Dataset:

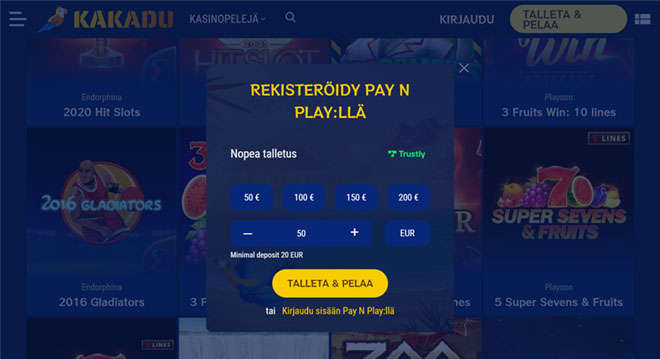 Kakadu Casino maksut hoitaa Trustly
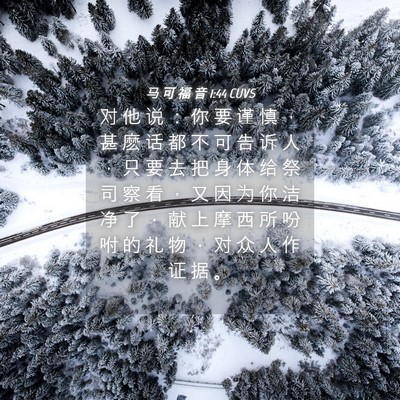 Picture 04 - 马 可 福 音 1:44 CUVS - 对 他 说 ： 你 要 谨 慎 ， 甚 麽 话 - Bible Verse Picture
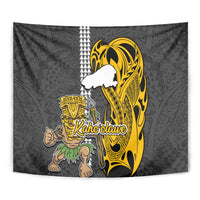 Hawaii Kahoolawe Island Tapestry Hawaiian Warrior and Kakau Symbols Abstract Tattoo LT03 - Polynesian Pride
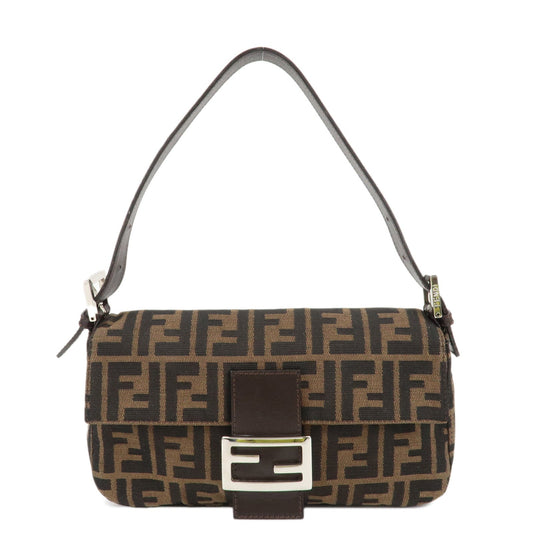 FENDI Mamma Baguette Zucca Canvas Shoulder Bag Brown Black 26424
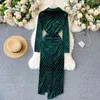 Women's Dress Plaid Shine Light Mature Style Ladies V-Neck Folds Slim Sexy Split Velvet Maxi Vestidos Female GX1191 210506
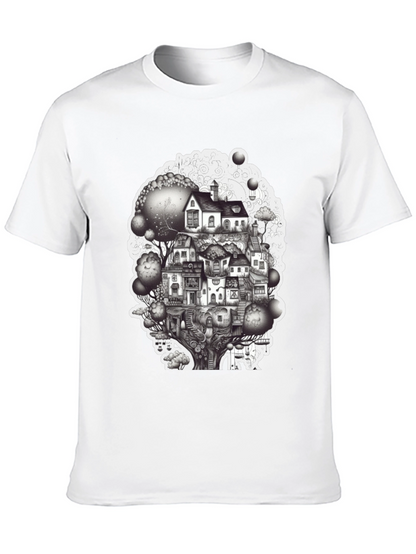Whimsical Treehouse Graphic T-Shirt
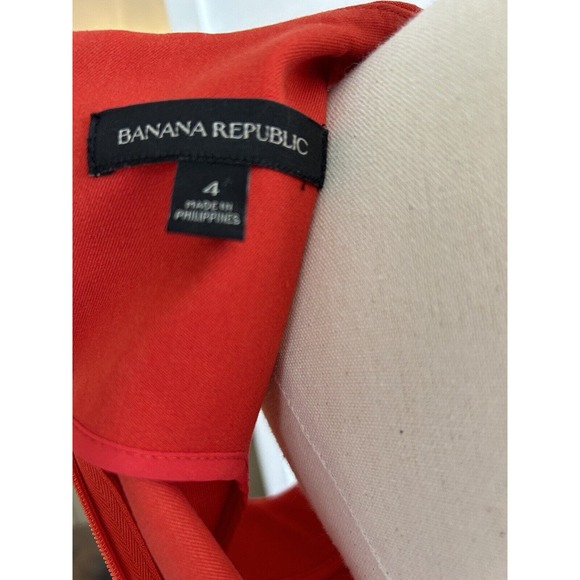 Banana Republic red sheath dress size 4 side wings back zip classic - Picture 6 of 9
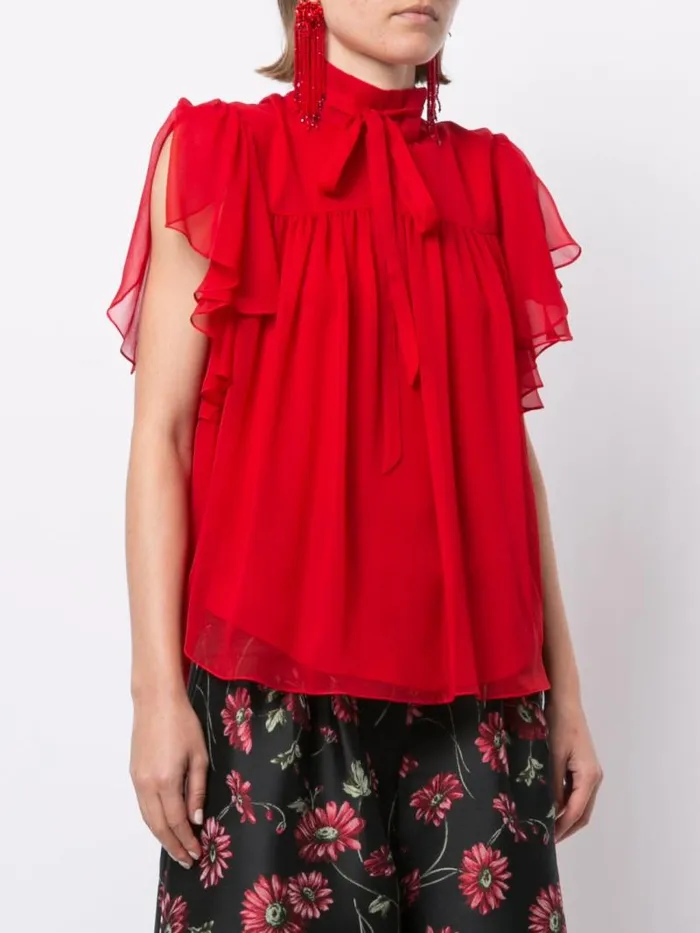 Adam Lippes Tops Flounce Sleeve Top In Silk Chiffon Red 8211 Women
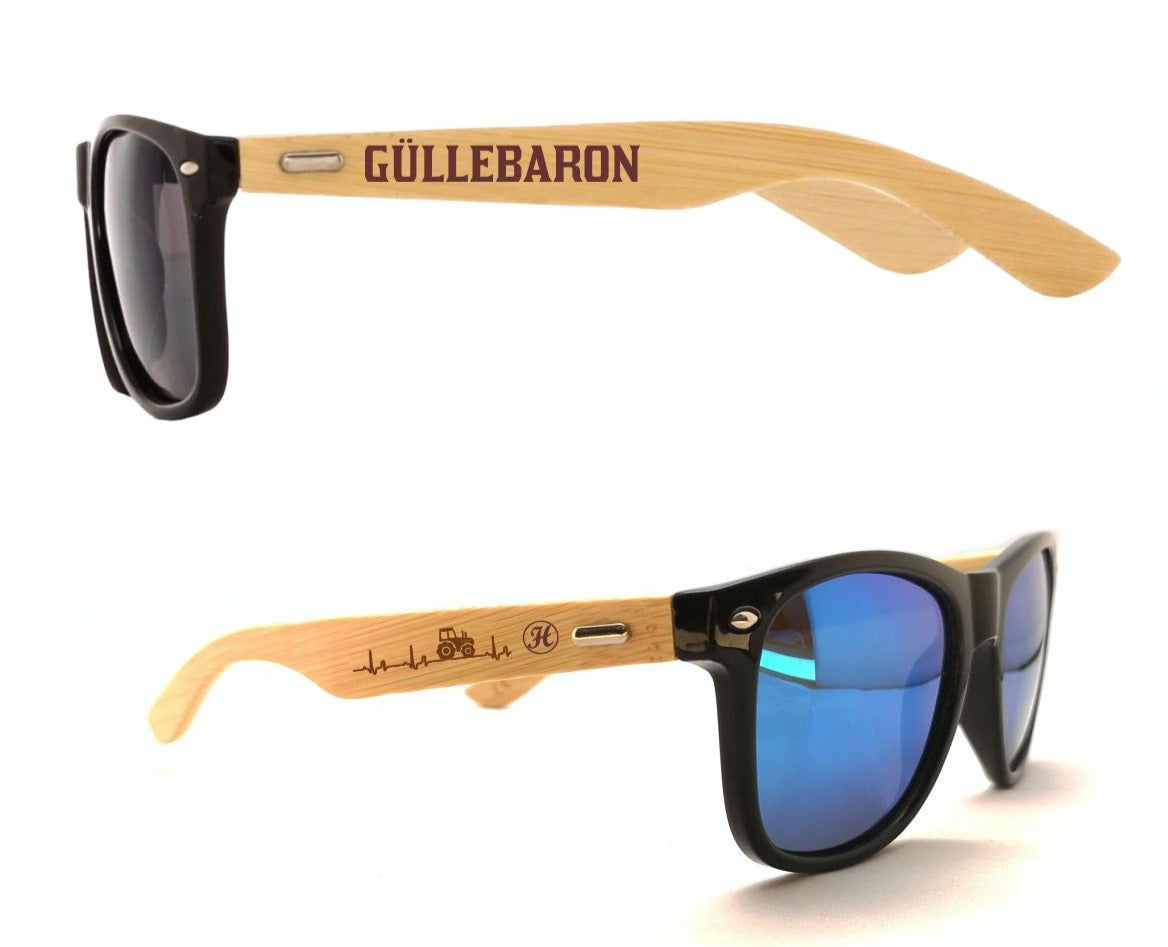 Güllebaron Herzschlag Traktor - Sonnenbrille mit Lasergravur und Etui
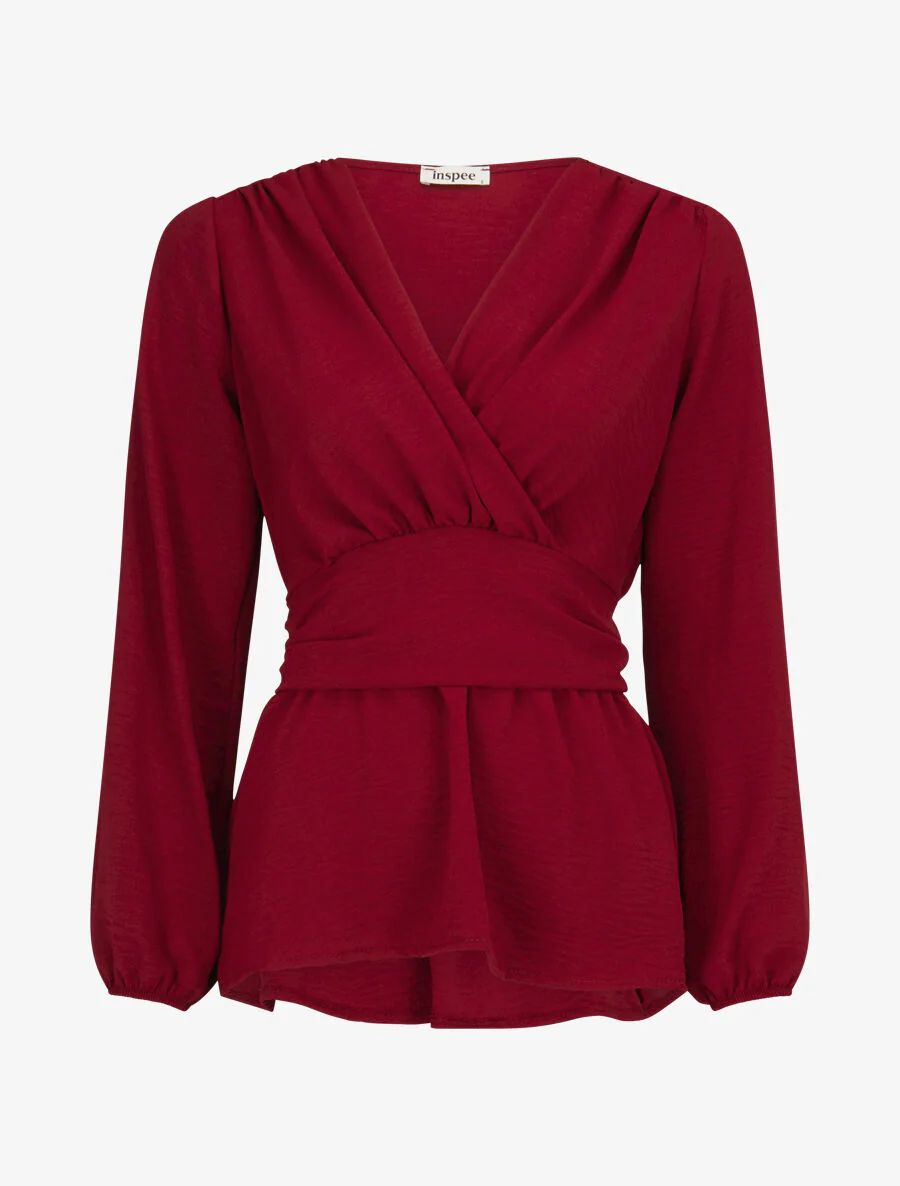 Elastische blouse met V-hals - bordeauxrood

Requirement:
Take the line with "Whimsical Treehouse Graphic T-Shirt" and every line after it through the end of the data, and write only them out exactly, leaving out the pictures.

Written response:
Whimsical Treehouse Graphic T-Shirt
 Banana Republic red sheath dress size 4 side wings back zip classic - Picture 6 of 9
 Adam Lippes Tops Flounce Sleeve Top In Silk Chiffon Red 8211 Women
 Güllebaron Herzschlag Traktor - Sonnenbrille mit Lasergravur und Etui
 Elastische blouse met V-hals - bordeauxrood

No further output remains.